- Provided information
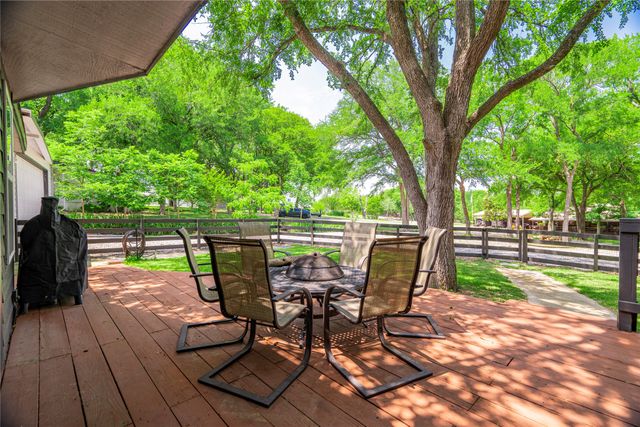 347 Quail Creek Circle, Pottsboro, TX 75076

--

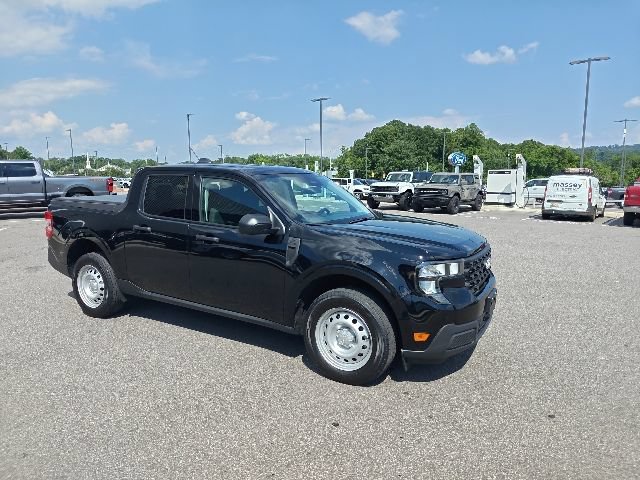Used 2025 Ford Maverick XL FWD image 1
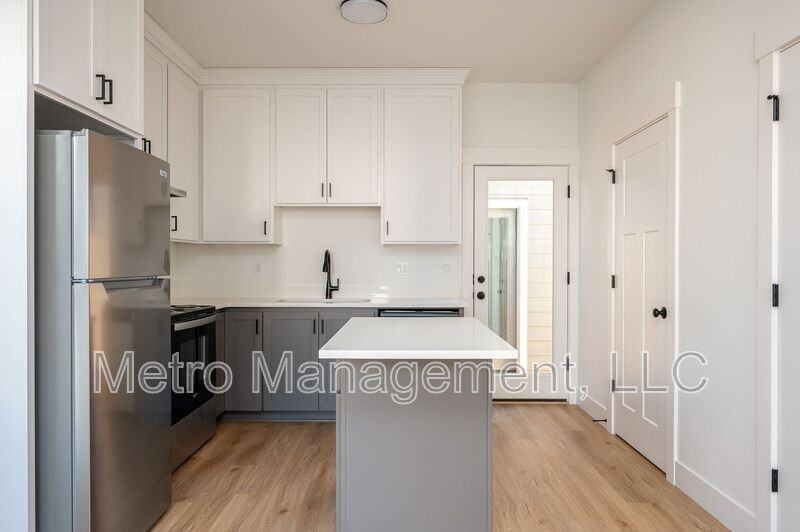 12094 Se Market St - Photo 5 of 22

- Instructions for the task
For the data above, set down exactly the lines from the line with "Used 2025 Ford Maverick XL FWD image 1" to the line with "12094 Se Market St - Photo 5 of 22", both included, leaving pictures out.

- Task response
Used 2025 Ford Maverick XL FWD image 1
 12094 Se Market St - Photo 5 of 22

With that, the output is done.